Vous avez sans doute votre propre identité culturelle et musicale…
R. B. Bien sûr! J’ai beaucoup d’affection pour le répertoire traditionnel. Mon oncle Simon était violoneux. C’est avec lui et ma mère, qui est guitariste amateure, que j’ai commencé à faire de la musique. J’avais cinq ans. J’ai d’abord appris à jouer du violon. Simon est décédé il y a quelques années. En sa mémoire, j’ai arrangé et composé ma Suite à Simon, sur la thématique des valses qu’il jouait, comme la Sir John A. MacDonald Waltz de Graham Townsend ou la Poor Girl’s Waltz d’Andy DeJarlis.
Cette suite contient également une de vos compositions…

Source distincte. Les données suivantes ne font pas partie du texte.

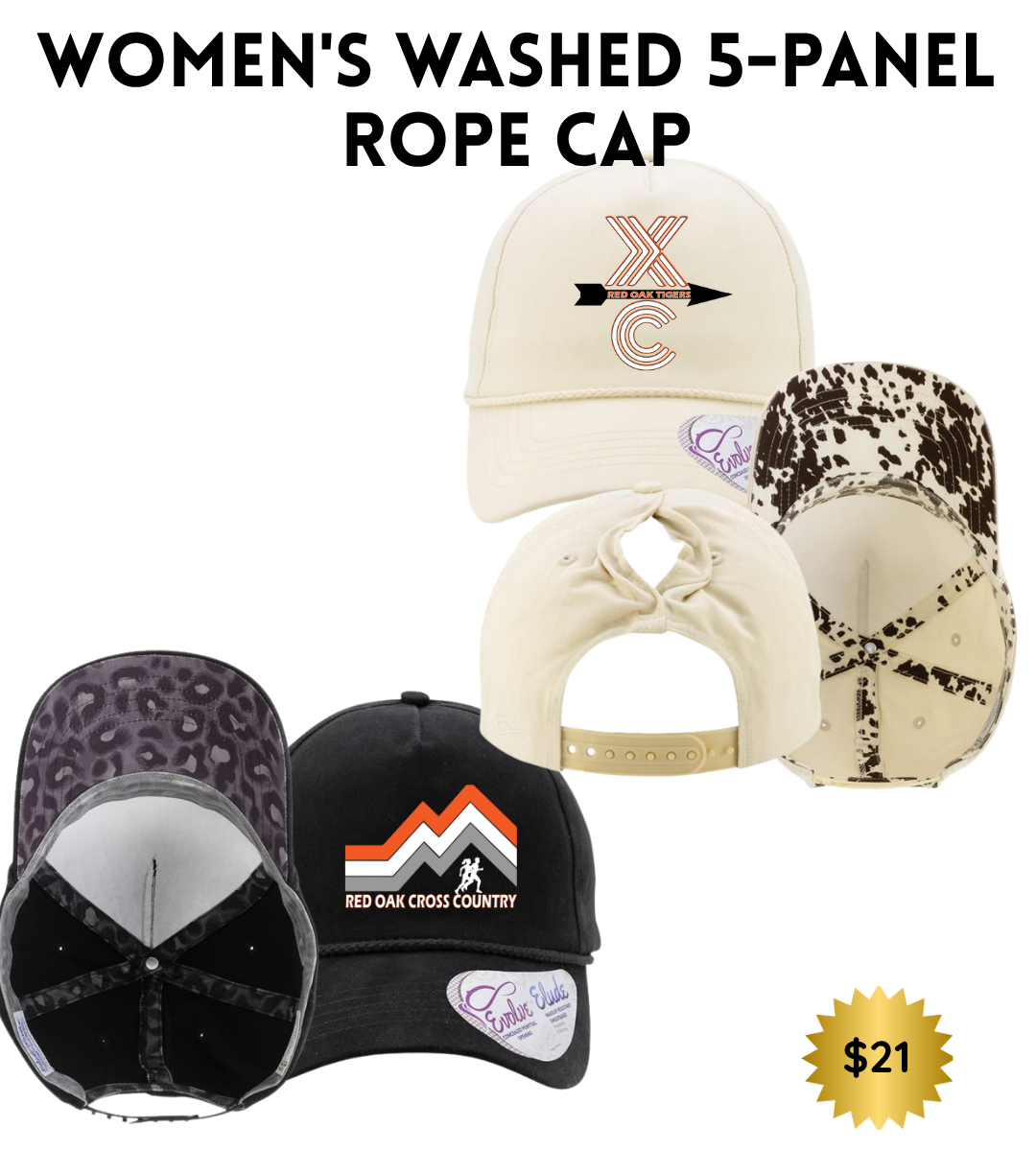 ROCC25 Women's Washed 5-Panel Rope Cap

R. B. Oui, la Tiina’s Waltz, composée pour mon épouse, qui est elle aussi musicienne. Je me suis inspiré des traits de sa personnalité. Tiina adore les fleurs, la nature… J’ai aussi composé des variations sur le Reel de Sainte Anne.

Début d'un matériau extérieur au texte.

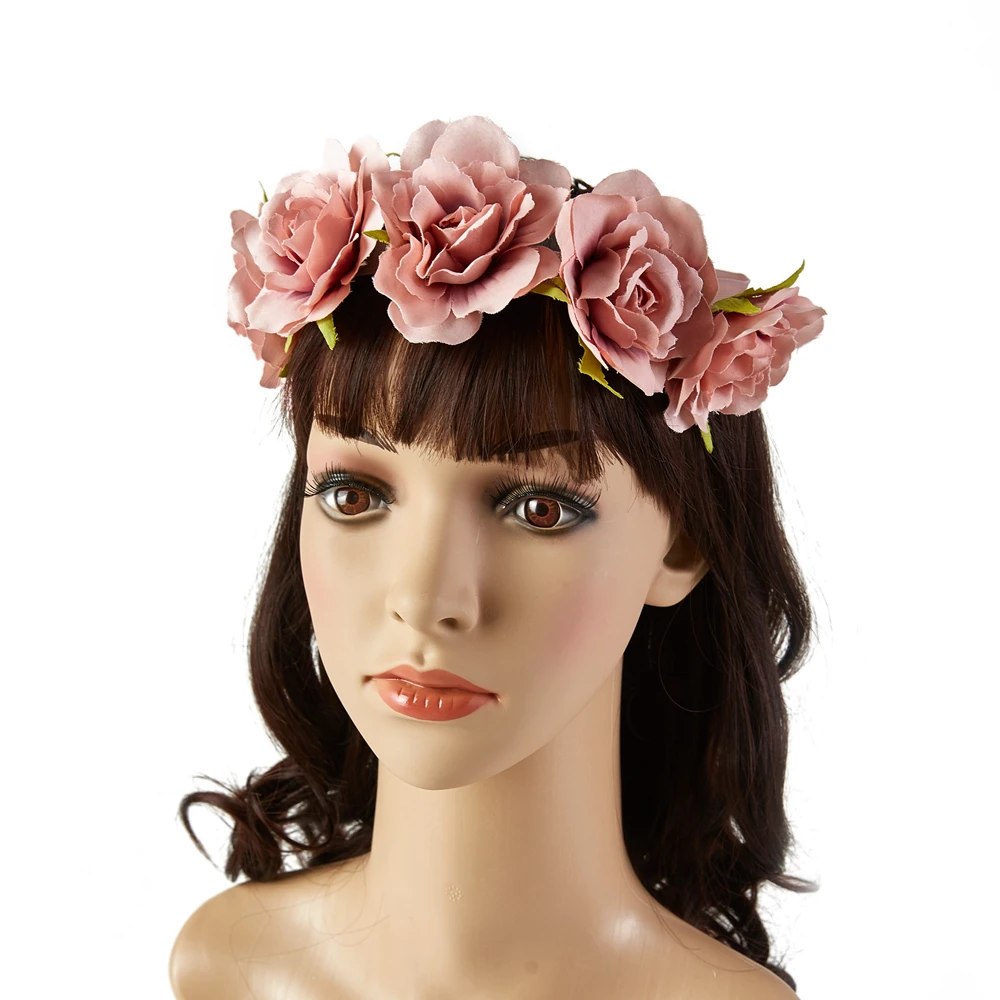 Most popular Handmade roses Headband wedding party hair assessories fiber Flower Crowns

Transcrire à la guitare des pièces écrites pour le violon, ça ne doit pas toujours être évident…
R. B. Il faut que la pièce musicale ait d’abord des qualités et des caractéristiques semblables à celles de la guitare. La guitare est un instrument polyphonique, ce qui permet d’écrire des arrangements assez complexes. Je porte une attention particulière au phrasé et aux articulations de la composition originelle. Et puis j’expérimente, en ajoutant des accords ou une mélodie supplémentaire, un contrepoint.
Vous avez transcrit la célèbre Chaconne pour violon solo de Bach. Un morceau tellement complexe qu’on a souvent l’impression d’entendre deux violonistes…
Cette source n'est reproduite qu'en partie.